▶ Dataset entries:
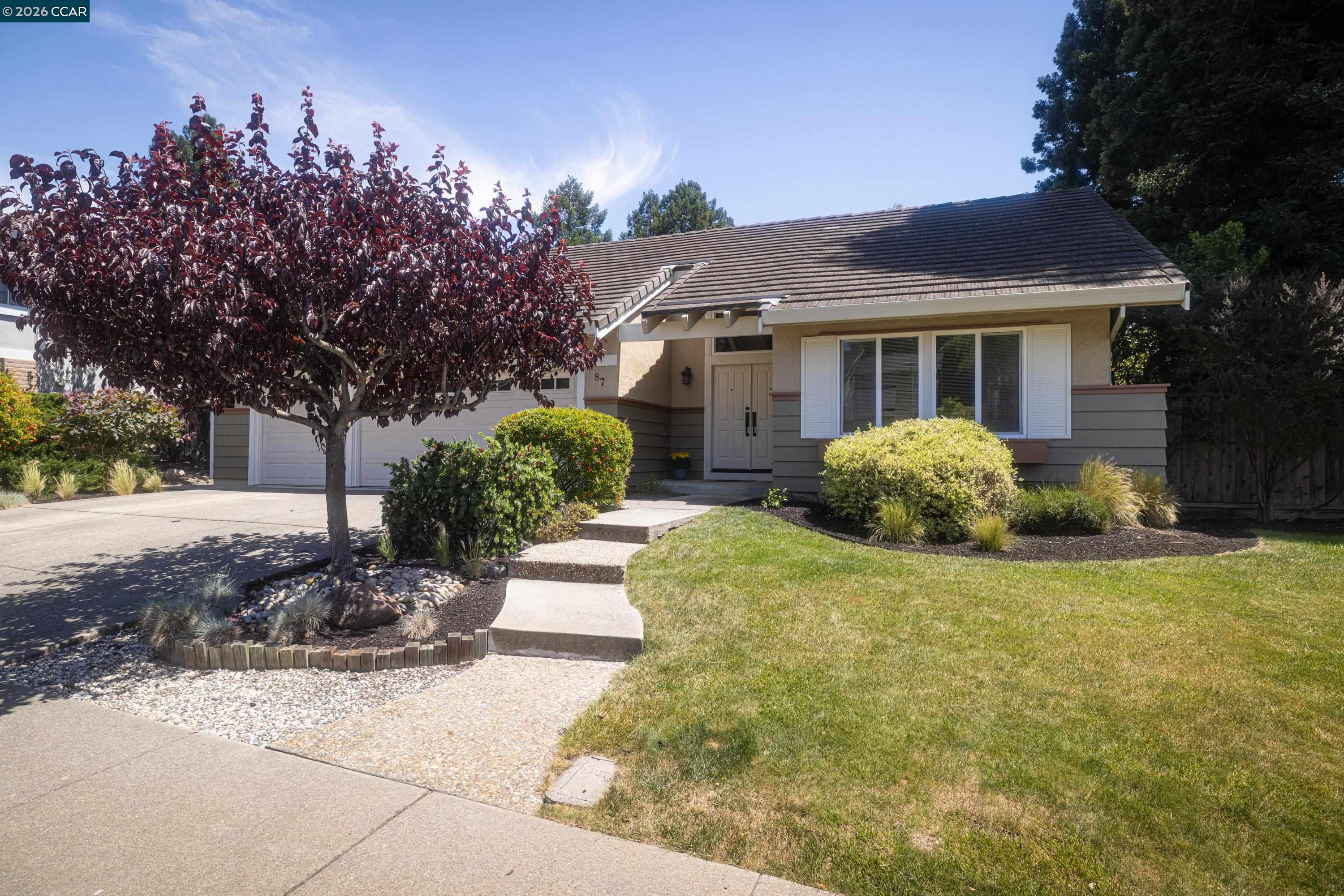 87 Lone Pine Court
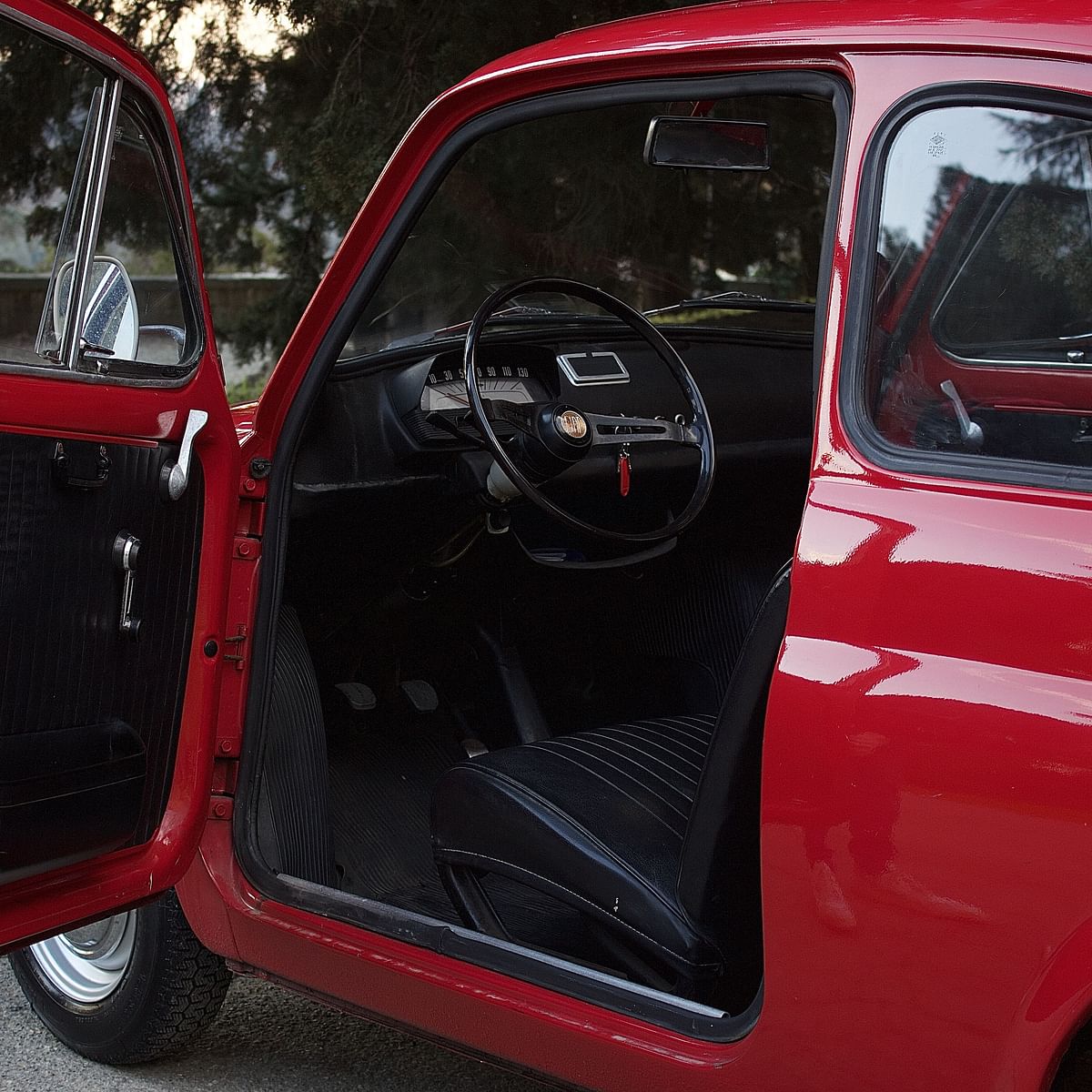 BUONGIORNO FIAT 500! Classic Guided Wine Tour in Chianti Wine Region included Tuscan Lunch and tasting (6 hrs)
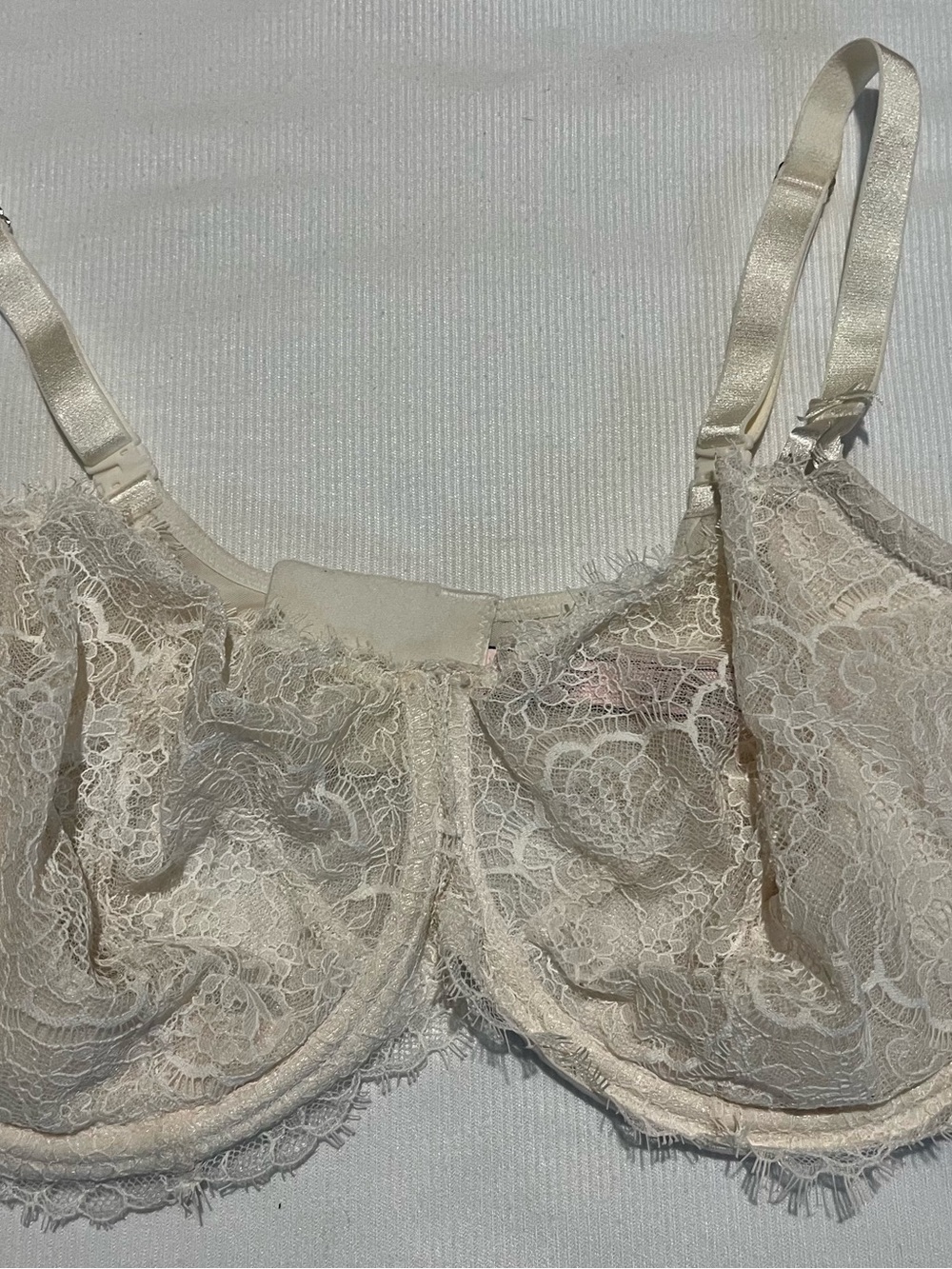 Victoria’s Secret “Dream Angels Delicate Lace Underwire Bra  Ivory 40DDD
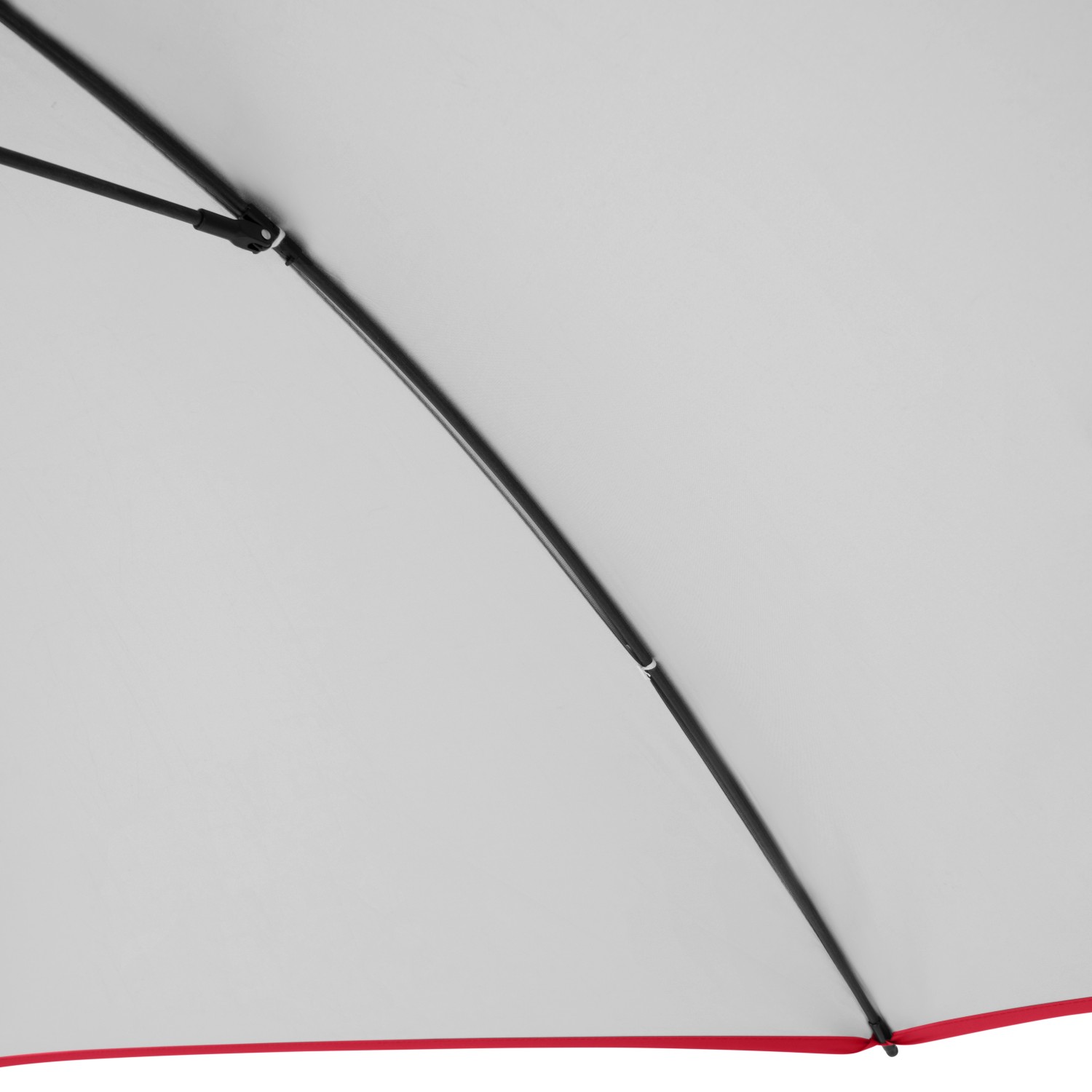 Detailaufnahme: Innenseite Doppler Strandschirm Windprofi Neo 200, rot, mit schwarzem Gestell.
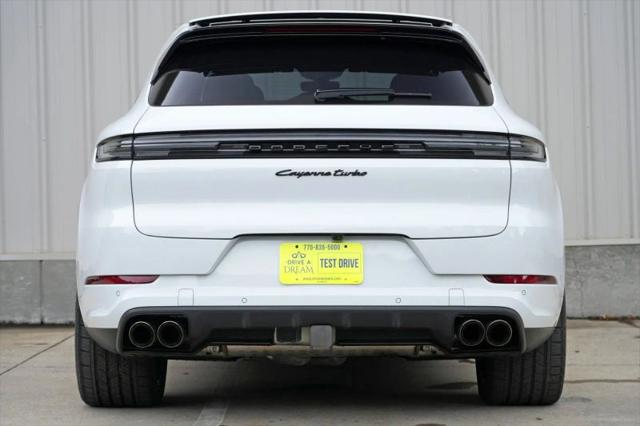 2024 Porsche Cayenne E-Hybrid Turbo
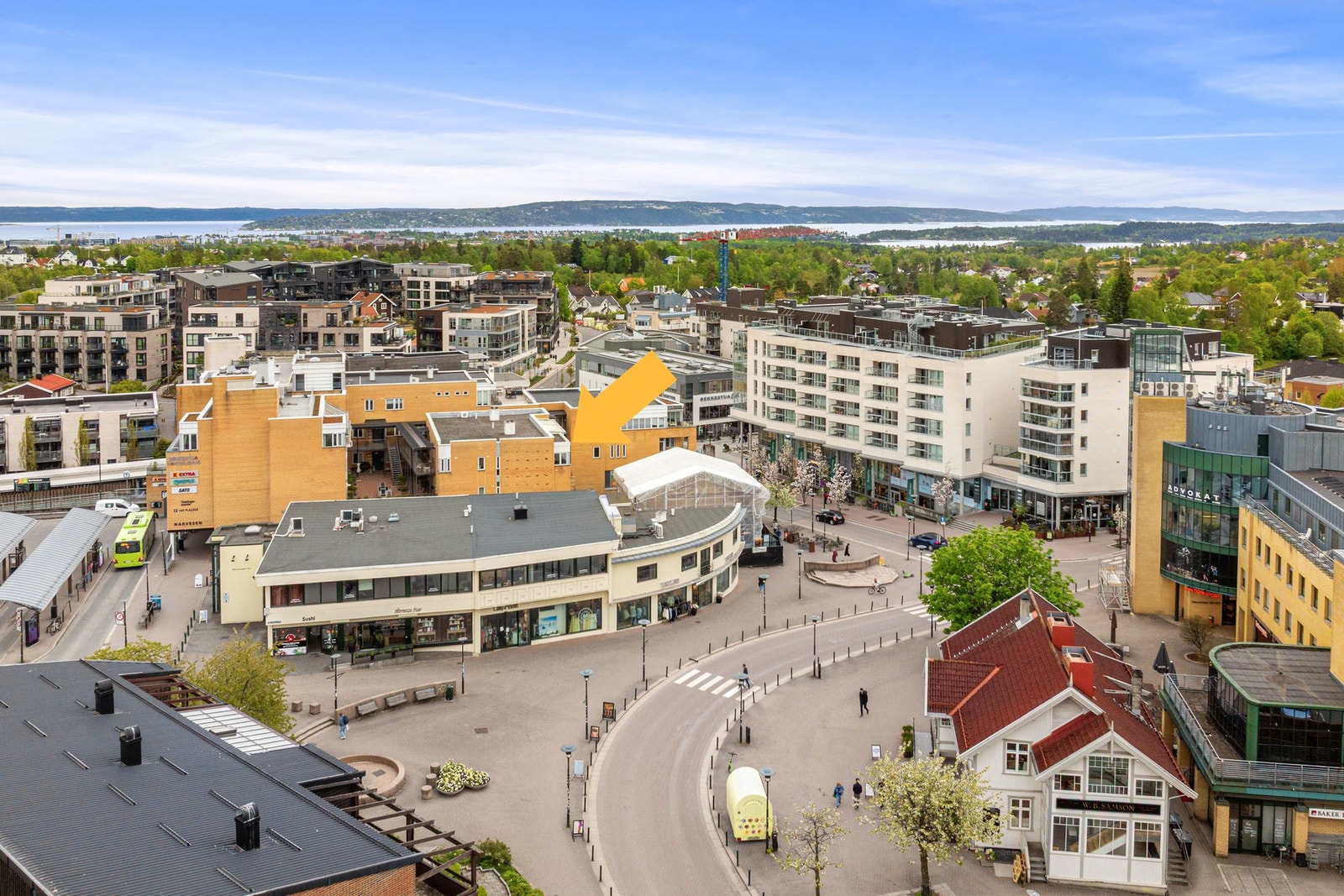 Fra leiligeheten har man tøffelavstand til butikker, t-bane, vinmonopol etc. Galleribilde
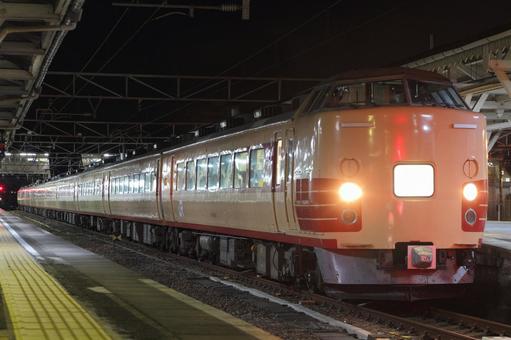 夜行快速、ムーンライトながら号 夜行快速、ムーンライトながら号 jr,夜行,快速の写真素材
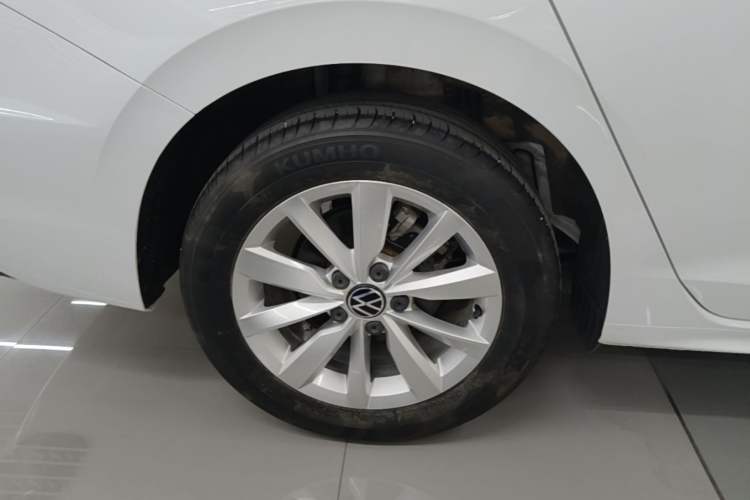 Used Volkswagen Bora 2021 1.5L Automatic Comfort Smart Connect Edition Right Rear Wheel Hub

▶ Exercise brief:
With the pictures left out, copy exactly the lines from the line holding "Detailaufnahme: Innenseite Doppler" through the final line of the records, including both.

▶ Exercise output:
 Detailaufnahme: Innenseite Doppler Strandschirm Windprofi Neo 200, rot, mit schwarzem Gestell.
 2024 Porsche Cayenne E-Hybrid Turbo
 Fra leiligeheten har man tøffelavstand til butikker, t-bane, vinmonopol etc. Galleribilde
 夜行快速、ムーンライトながら号 夜行快速、ムーンライトながら号 jr,夜行,快速の写真素材
 Used Volkswagen Bora 2021 1.5L Automatic Comfort Smart Connect Edition Right Rear Wheel Hub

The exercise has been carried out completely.